WHAT TO PRODUCE: Starting with the line that has "Beehive Handmade: Holiday" in the records below and ending with the line that has "Varga András esperesplébános", output those lines exactly and nothing more; omit the pictures.

DATA TO PROCESS:
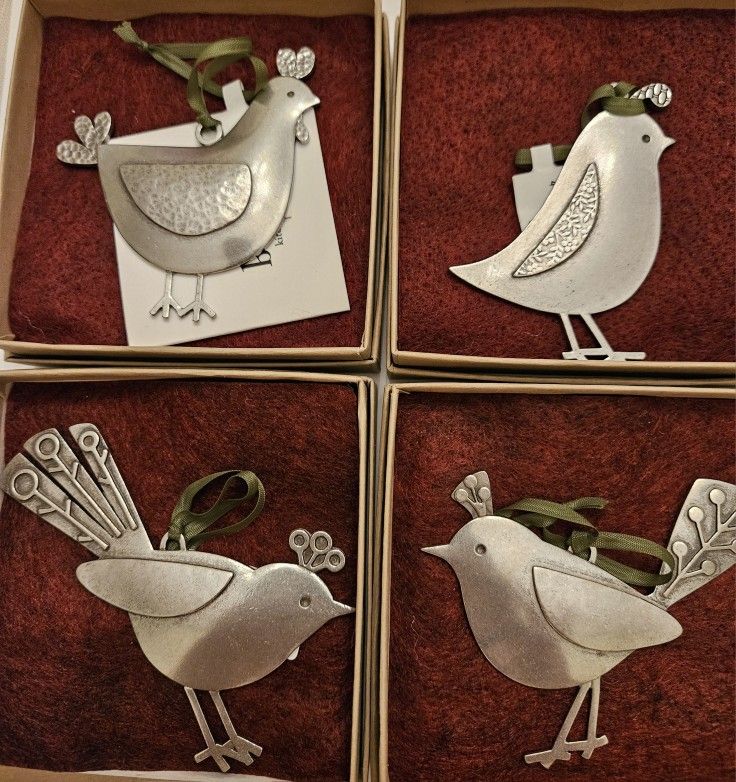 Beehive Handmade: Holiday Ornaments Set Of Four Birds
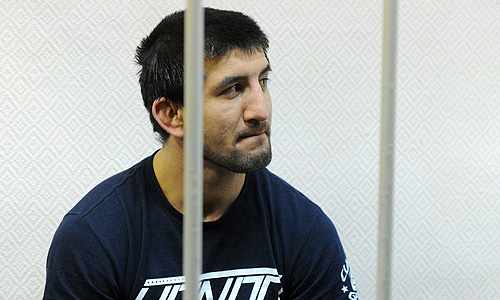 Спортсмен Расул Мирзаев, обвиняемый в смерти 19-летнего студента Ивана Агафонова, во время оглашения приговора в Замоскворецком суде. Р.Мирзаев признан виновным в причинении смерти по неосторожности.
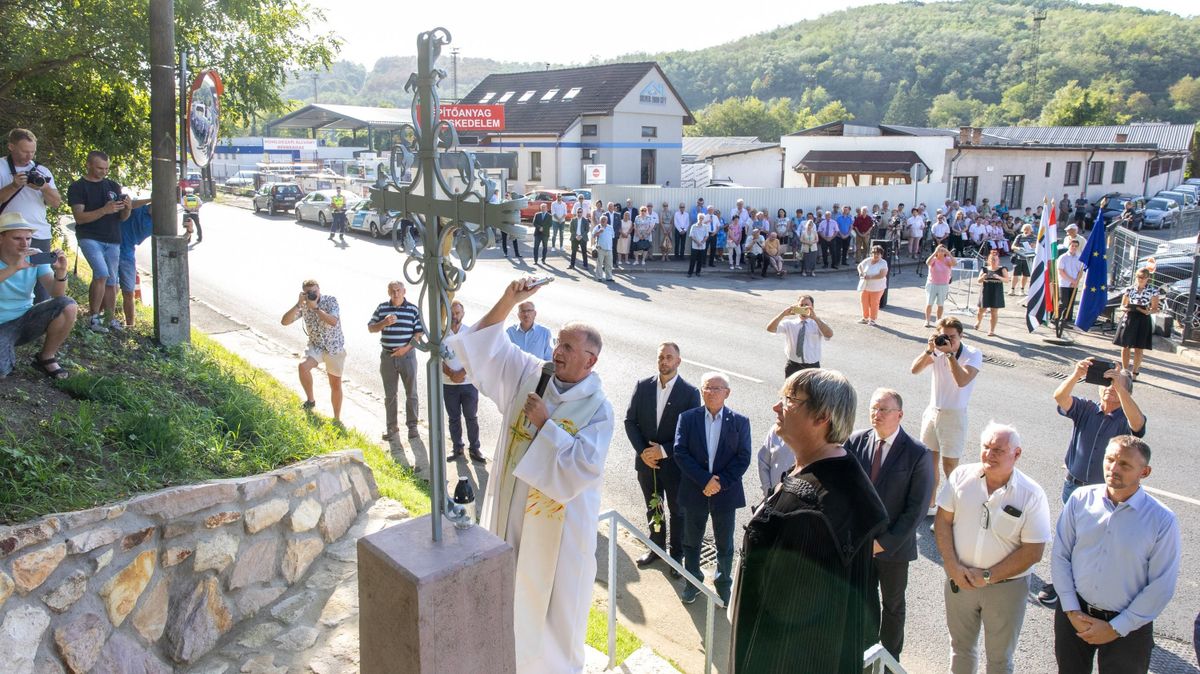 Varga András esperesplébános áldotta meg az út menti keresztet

...

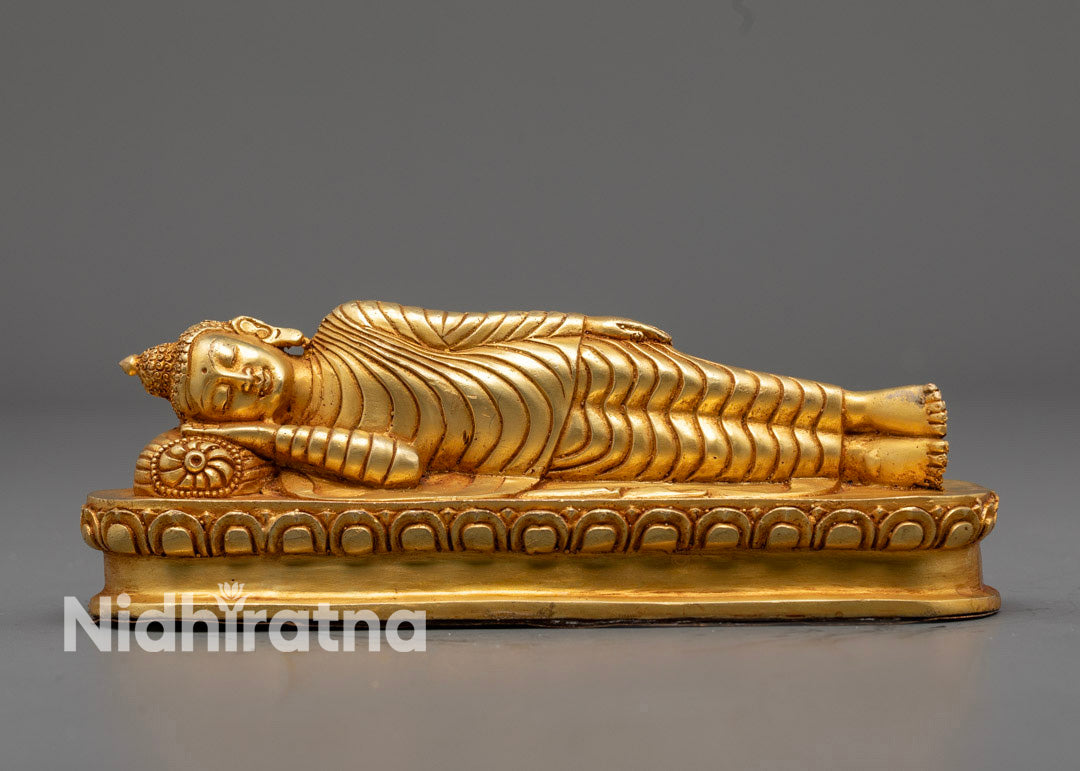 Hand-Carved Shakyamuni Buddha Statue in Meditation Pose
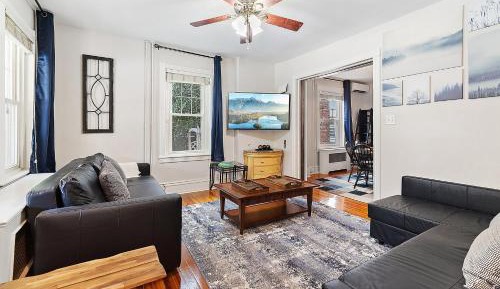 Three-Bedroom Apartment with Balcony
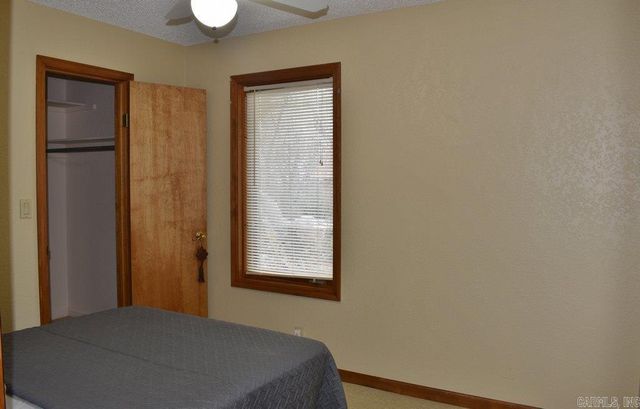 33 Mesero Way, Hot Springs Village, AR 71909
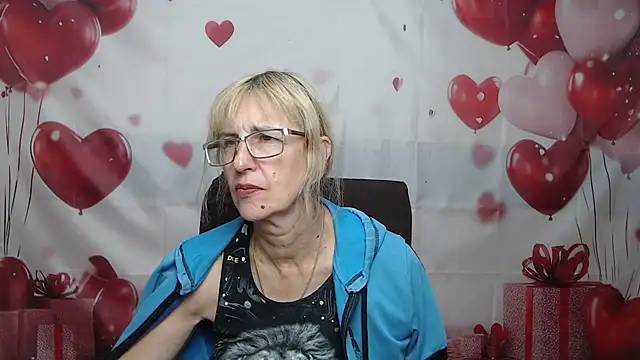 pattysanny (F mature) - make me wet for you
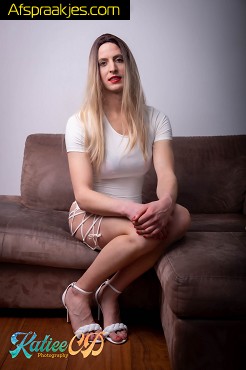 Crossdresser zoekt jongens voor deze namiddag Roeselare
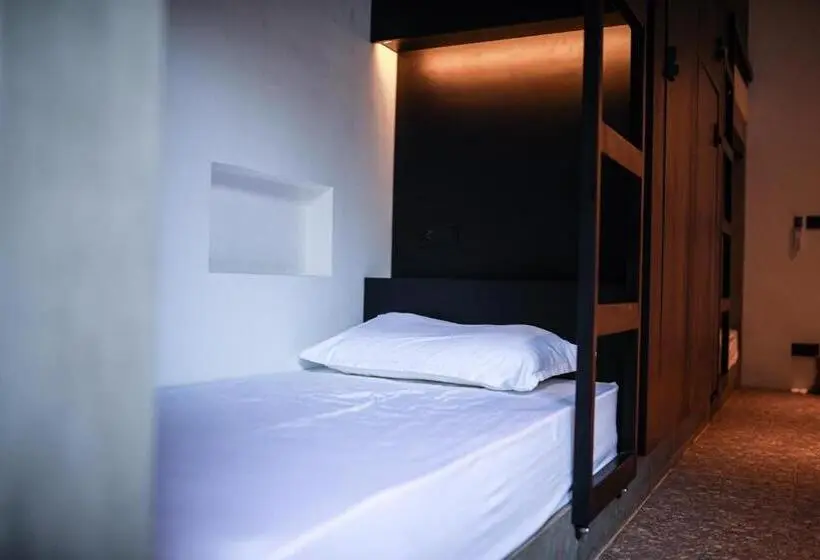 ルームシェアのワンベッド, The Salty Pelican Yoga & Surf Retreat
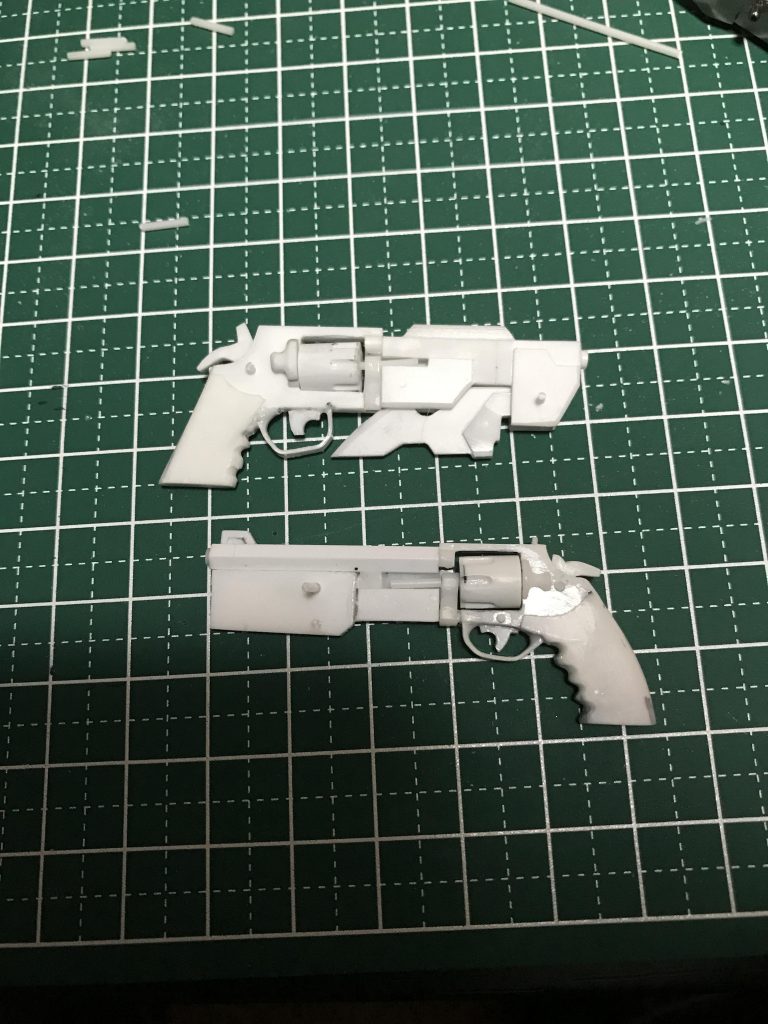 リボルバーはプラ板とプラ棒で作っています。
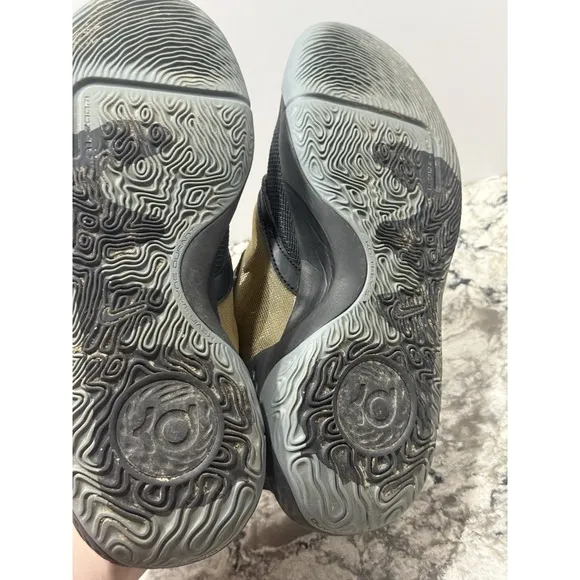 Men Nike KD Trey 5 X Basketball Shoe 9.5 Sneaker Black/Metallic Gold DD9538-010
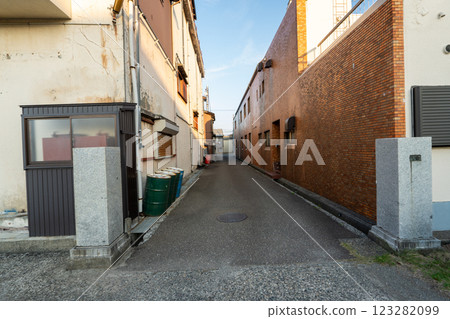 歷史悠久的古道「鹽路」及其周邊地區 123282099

--

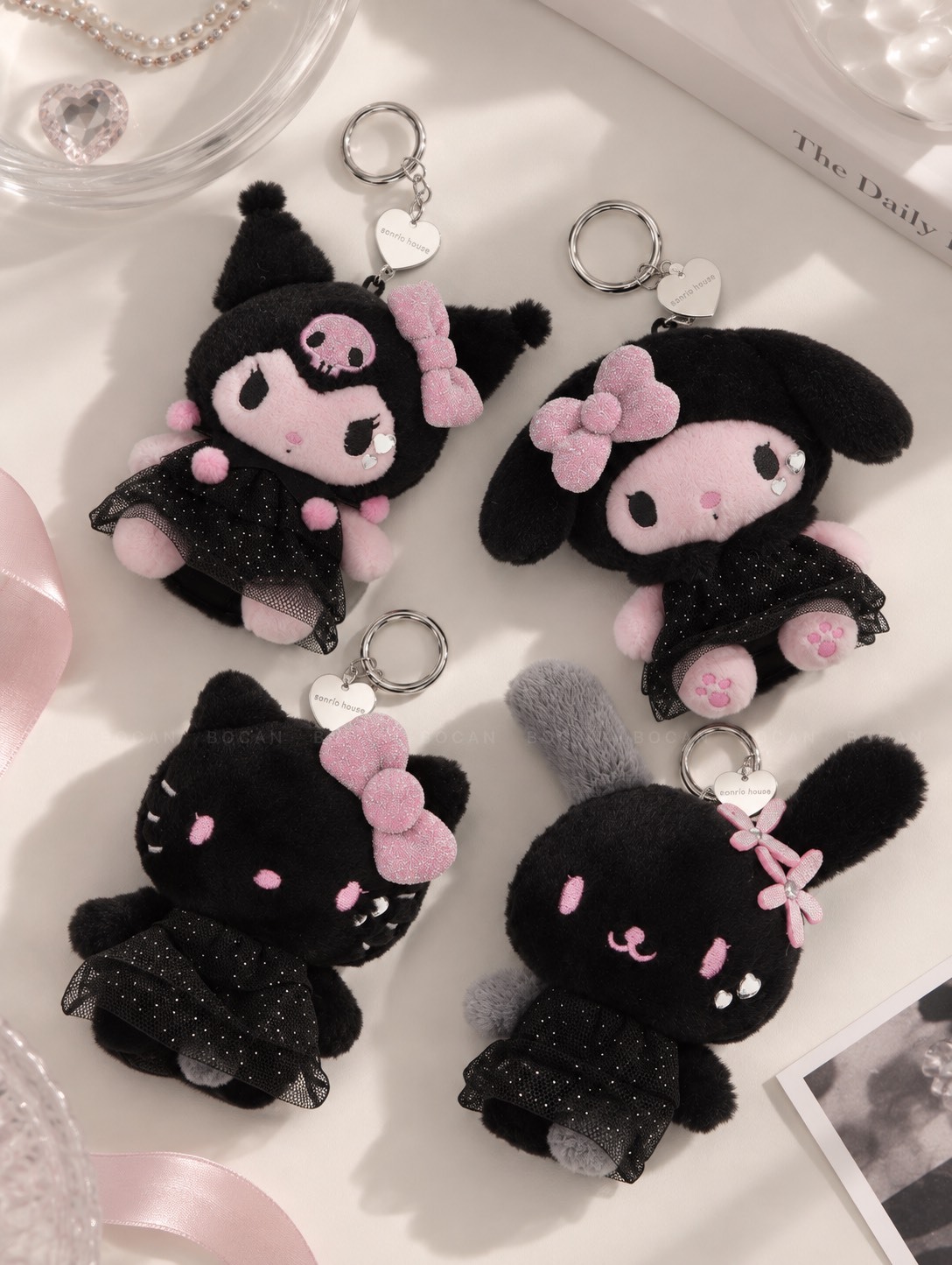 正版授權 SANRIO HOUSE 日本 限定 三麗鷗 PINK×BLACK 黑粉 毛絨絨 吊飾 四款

EXERCISE OUTPUT:
 Beehive Handmade: Holiday Ornaments Set Of Four Birds
 Спортсмен Расул Мирзаев, обвиняемый в смерти 19-летнего студента Ивана Агафонова, во время оглашения приговора в Замоскворецком суде. Р.Мирзаев признан виновным в причинении смерти по неосторожности.
 Varga András esperesplébános áldotta meg az út menti keresztet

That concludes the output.